[Given information Boundary: Start]

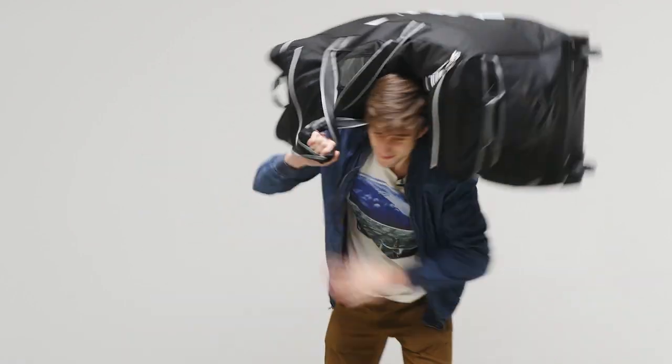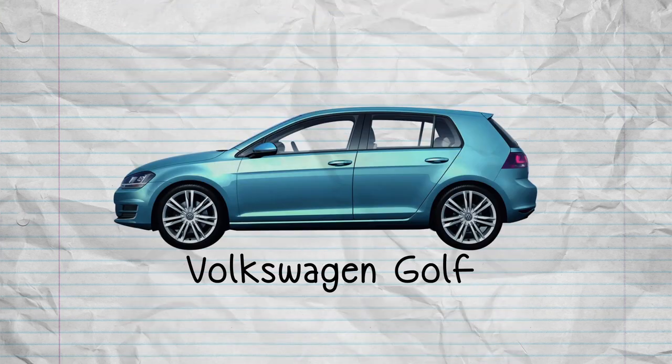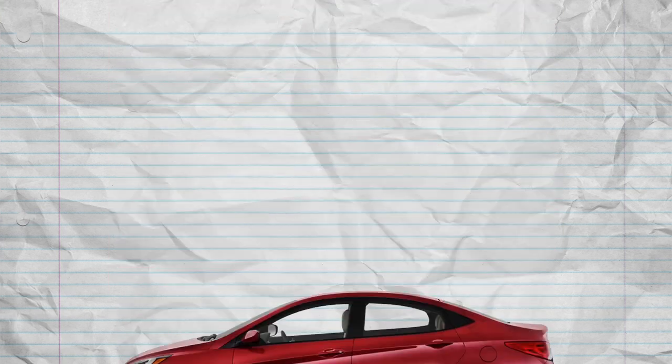Today we're going to test out five vehicles to see how well your hockey gear fits. We'll be testing the following: Mazda CX-3, Nissan Juke, Volkswagen Golf, Ford Focus, and Hyundai Accent. Let's do it!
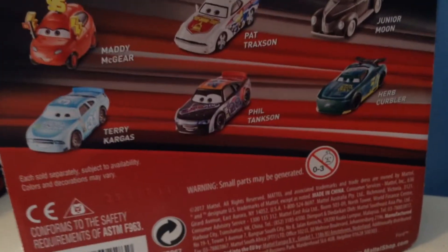There he is. Pretty cool. Very nice. We're going to turn him around to the back and you can see Matty McGeer and Pat Traction, Junior Moon Teary Car Gaspo, Tanks and Herb Kerbler.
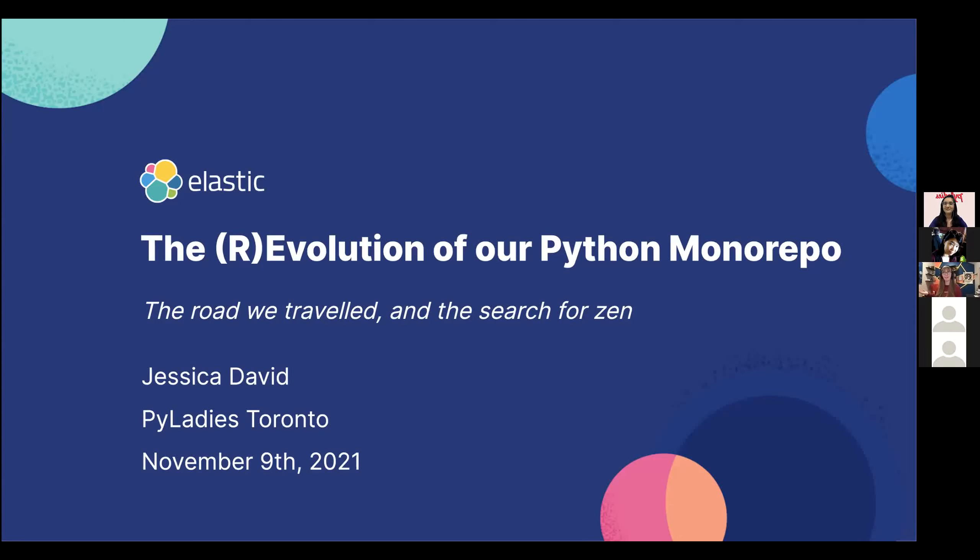Well, hello. Good evening, everyone. If you're in Toronto, otherwise good morning, good afternoon. My name is Jessica David, and I am here to talk about the revolution of our Python monorepo, the road we traveled in the search for Zen.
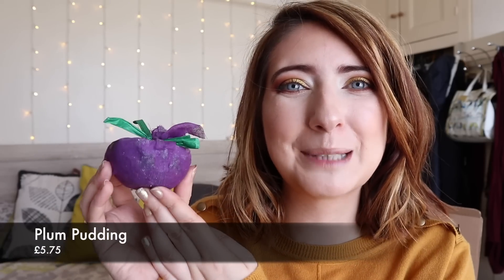Next we have a Christmas Plum Pudding — who doesn't love a Christmas pudding at Christmas? This one has dried almonds, dates, raisins and apricots and it just smells so festive. I really, really want to use this right now, but obviously I'm not in the bath so that would just be a bit awkward.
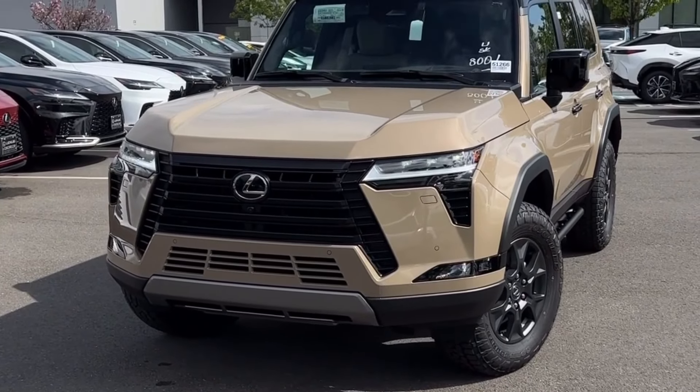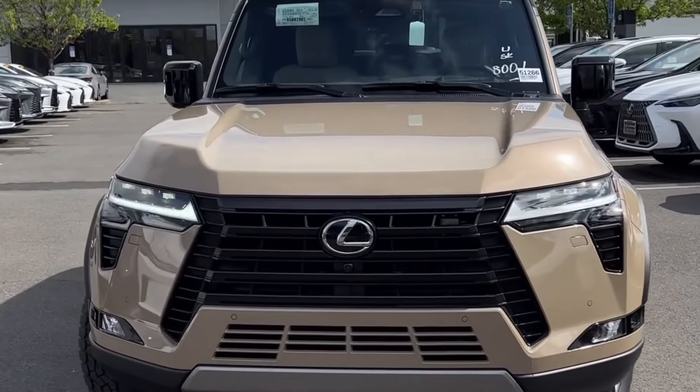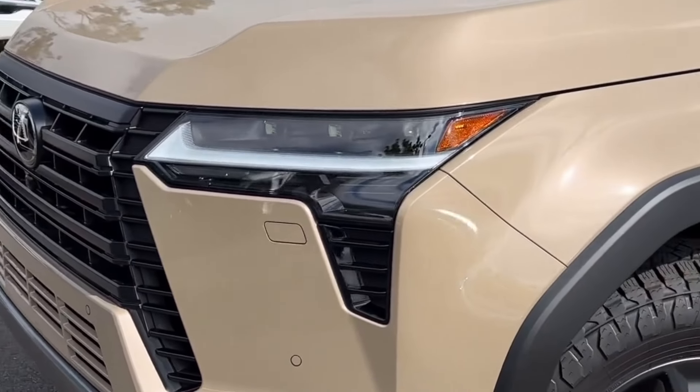Hello everyone, here's a quick exterior walk around of the all-new 2024 Lexus GX550 Overtrail. This vehicle has since been sold, but we do have four more in allocation and are currently being built.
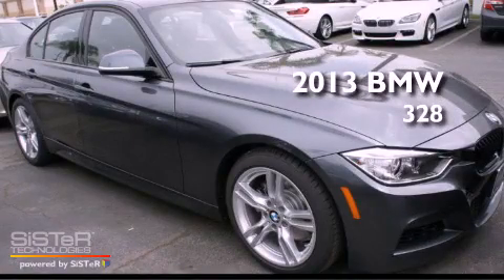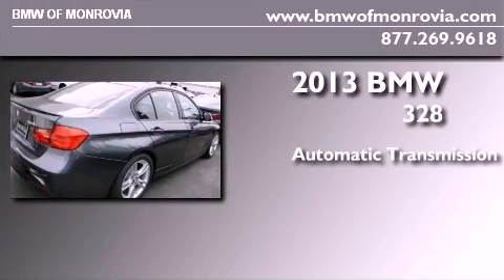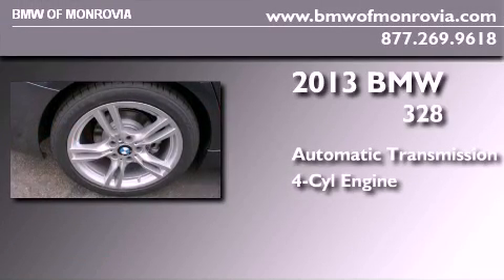This is a brand new 2013 BMW 328. This car has an automatic transmission and an inline four-cylinder engine.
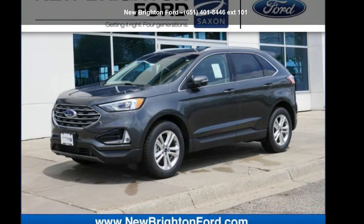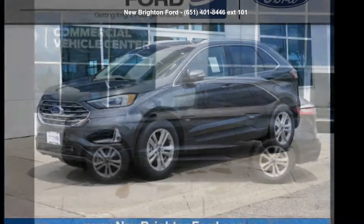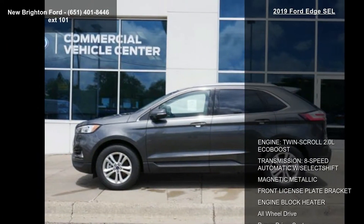Step into the Ford 2019 H-SEL. If you are looking for a first-rate auto, this one could be yours today.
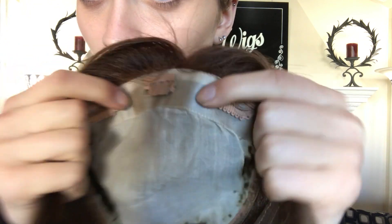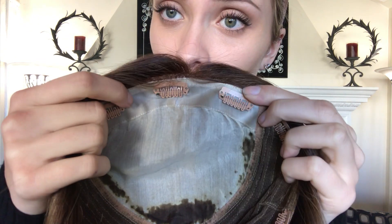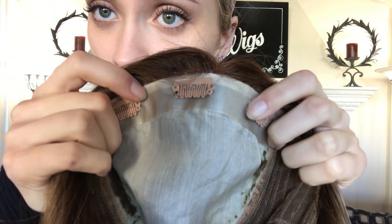We also have some poly tape up here, so if you don't have enough hair to clip it in up here, or the clips are bothering you, you can just snip them out and then you can glue or tape onto your scalp with this poly tape right here.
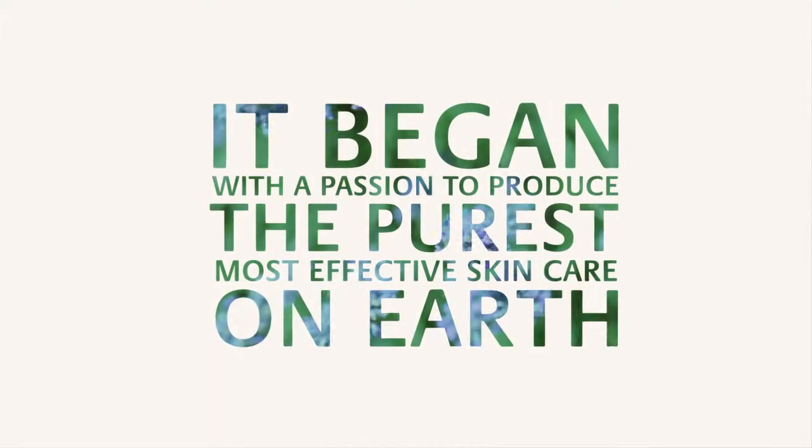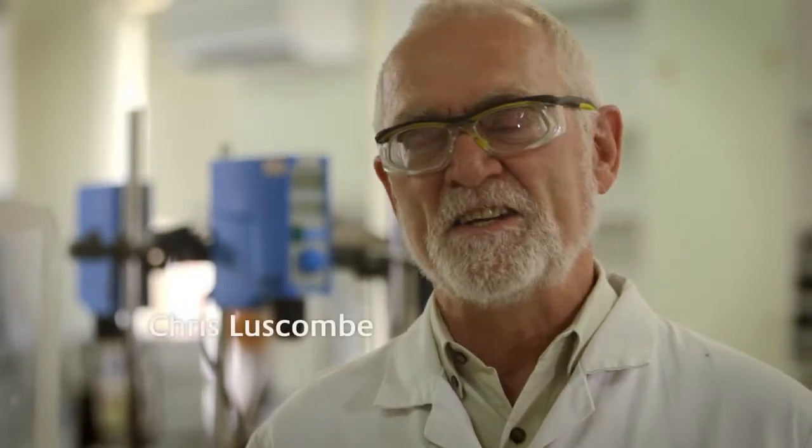It began with a passion to produce the purest, most effective skin care on earth. Hi, I'm Chris and I'm a product technician here at Jirlique.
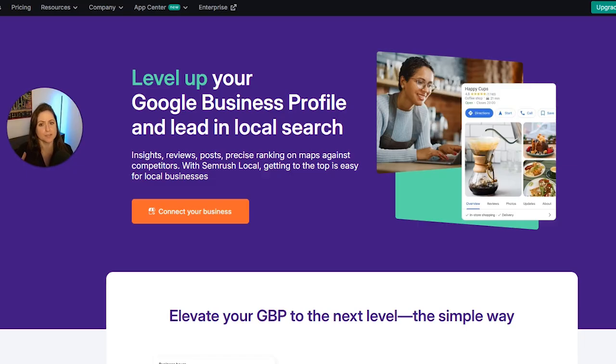With the Google Business Profile Optimization section in SEMrush Local, you can manage all your business details — like your name, address, hours, and contact information — from one centralized location across multiple profiles. This is great because you can confirm the data is accurate, there are no inconsistencies, and you can make updates like adding new photos, all right here. SEMrush directly integrates with your Google Business Profile, so you'll need to connect your business by clicking the orange Connect Your Business button.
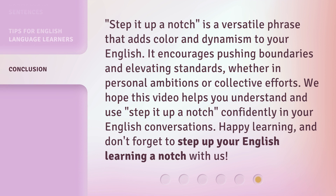Step it up a notch is a versatile phrase that adds color and dynamism to your English. It encourages pushing boundaries and elevating standards, whether in personal ambitions or collective efforts. We hope this video helps you understand and use step it up a notch confidently in your English conversations. Happy learning, and don't forget to step up your English learning a notch with us.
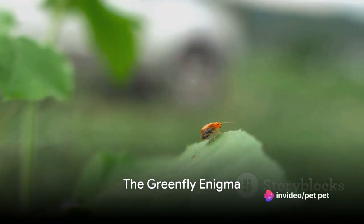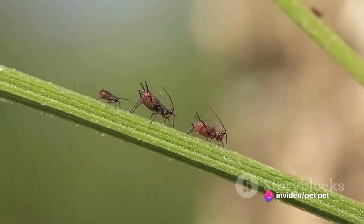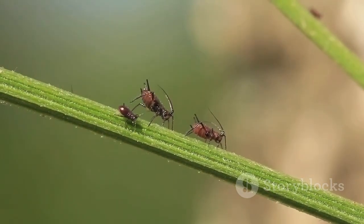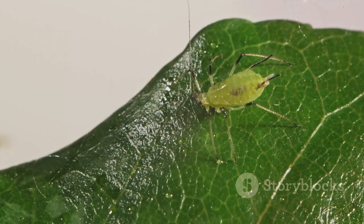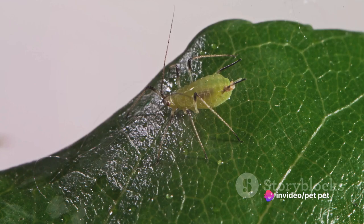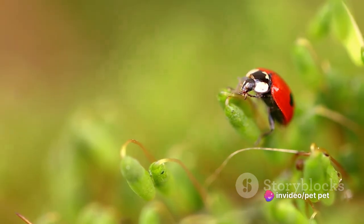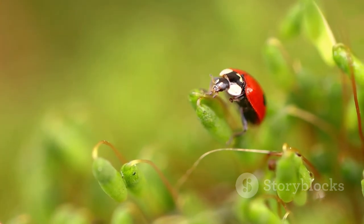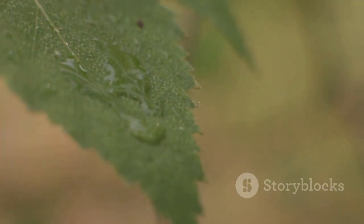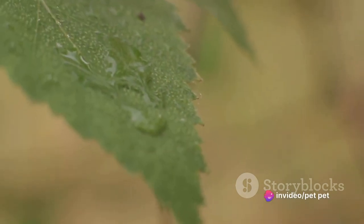Ever pondered why your plants suddenly seem to be struggling, despite your best efforts? The answer could lie in an unexpected adversary: the greenfly. These tiny insects, barely visible to the naked eye, thrive in gardens and green spaces, feasting on your precious plants. From egg to adult, their life cycle is remarkably swift, allowing them to multiply at an astonishing rate. And though they might appear inconsequential, these minuscule marauders can wreak havoc on your horticultural haven.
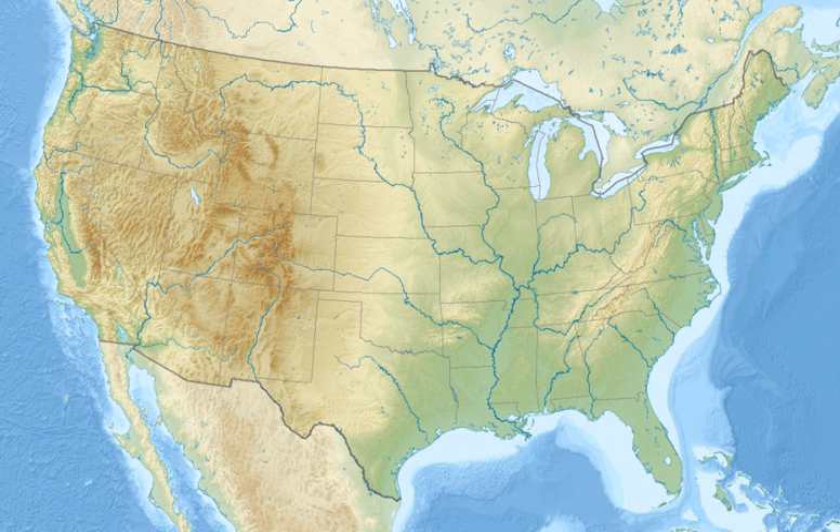Boyer NWR is located 15 miles north of Omaha, Nebraska. Most visitors follow U.S. Highway 75 to Fort Calhoun, Nebraska, and then follow the signs east for 3 miles to the refuge. Built in the 1820s, Fort Atkinson — the first U.S. Army post west of the Missouri River — is 2.5 miles west of the refuge.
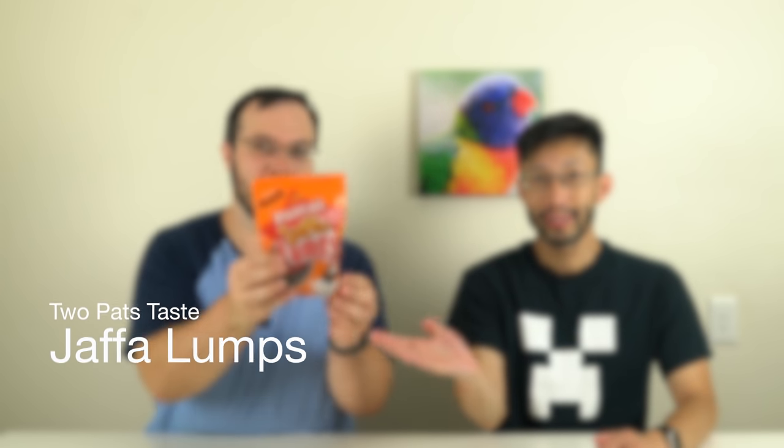Welcome back to another 2pats taste test. What are we going to try today? Pascal's Jaffa Lumps. We went to New Zealand again recently, as we want to do. New Zealand has a candy called Pineapple Lumps that are relatively well-known in this part of the world.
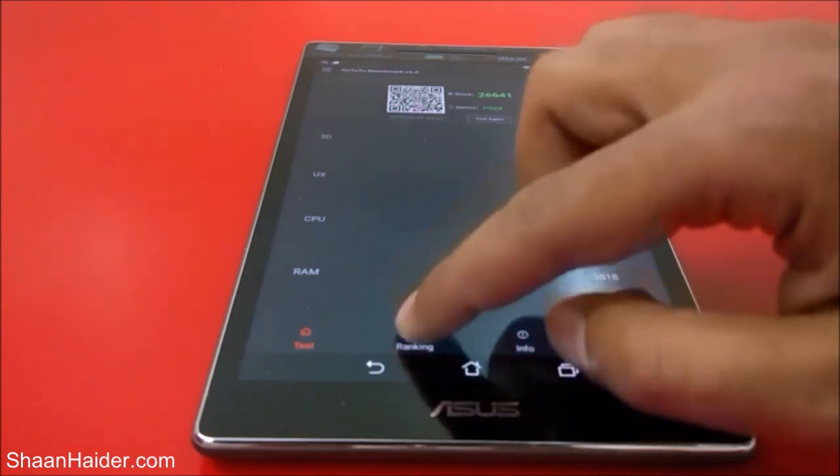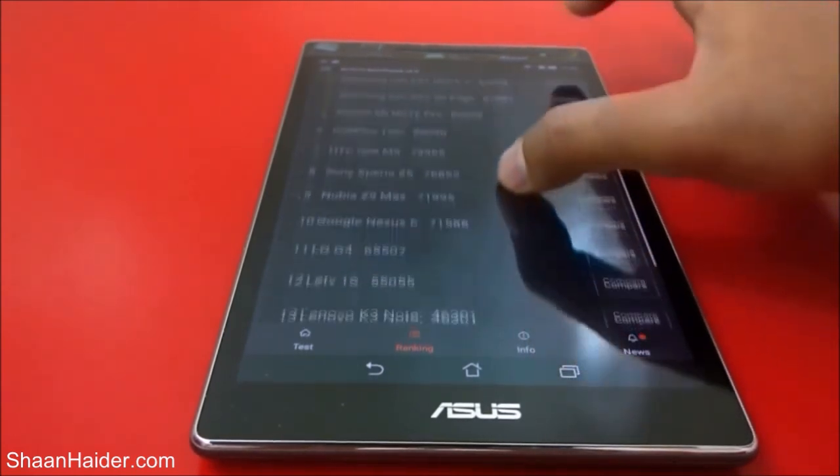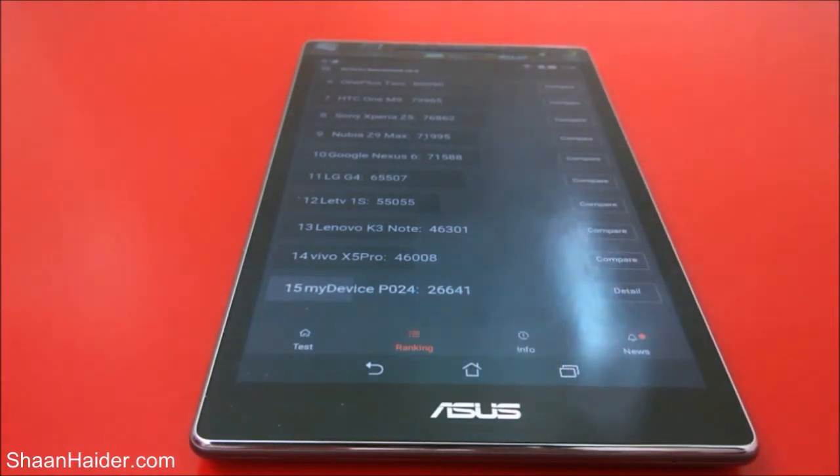If you go to the ranking tab, you can see the scores of the rest of the devices. Our device scored 26,641. Above that there is the Vivo X5 Pro with 46,008, and above that the Lenovo K3 Note with 46,301. We can see that in this chart our device is at the last place out of 15 smartphones and tablets.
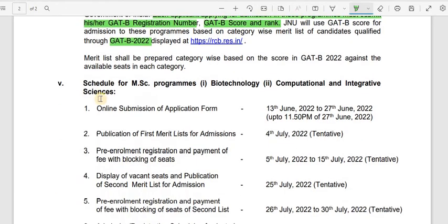Regarding the timeline: online submission of the application form runs from 13th June to 27th June. Today is 23rd June, so there are hardly four days left for the online application. Remember, you must have appeared for the GADB with a decent score to be eligible to apply for these MSc programs.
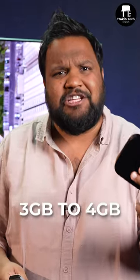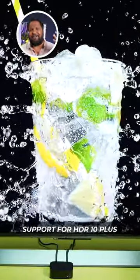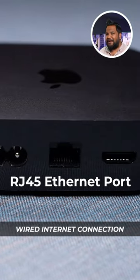The RAM has also been upgraded from 3GB to 4GB, and you now get a Type-C port on the remote. Apart from Dolby Vision, you now also have upgraded support for HDR10+. The higher-end 128GB variant also comes with an RJ45 Ethernet port for wired internet connection.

[Given information Boundary: End]

Task prompt:
Here the job is to copy the listing above word for word, starting at the line with "Next we have" and ending at the line with "With the Google", and to leave out the pictures.

Exercise result:
Next we have a Christmas Plum Pudding — who doesn't love a Christmas pudding at Christmas? This one has dried almonds, dates, raisins and apricots and it just smells so festive. I really, really want to use this right now, but obviously I'm not in the bath so that would just be a bit awkward.
Hello everyone, here's a quick exterior walk around of the all-new 2024 Lexus GX550 Overtrail. This vehicle has since been sold, but we do have four more in allocation and are currently being built.
This is a brand new 2013 BMW 328. This car has an automatic transmission and an inline four-cylinder engine.
Step into the Ford 2019 H-SEL. If you are looking for a first-rate auto, this one could be yours today.
We also have some poly tape up here, so if you don't have enough hair to clip it in up here, or the clips are bothering you, you can just snip them out and then you can glue or tape onto your scalp with this poly tape right here.
It began with a passion to produce the purest, most effective skin care on earth. Hi, I'm Chris and I'm a product technician here at Jirlique.
With the Google Business Profile Optimization section in SEMrush Local, you can manage all your business details — like your name, address, hours, and contact information — from one centralized location across multiple profiles. This is great because you can confirm the data is accurate, there are no inconsistencies, and you can make updates like adding new photos, all right here. SEMrush directly integrates with your Google Business Profile, so you'll need to connect your business by clicking the orange Connect Your Business button.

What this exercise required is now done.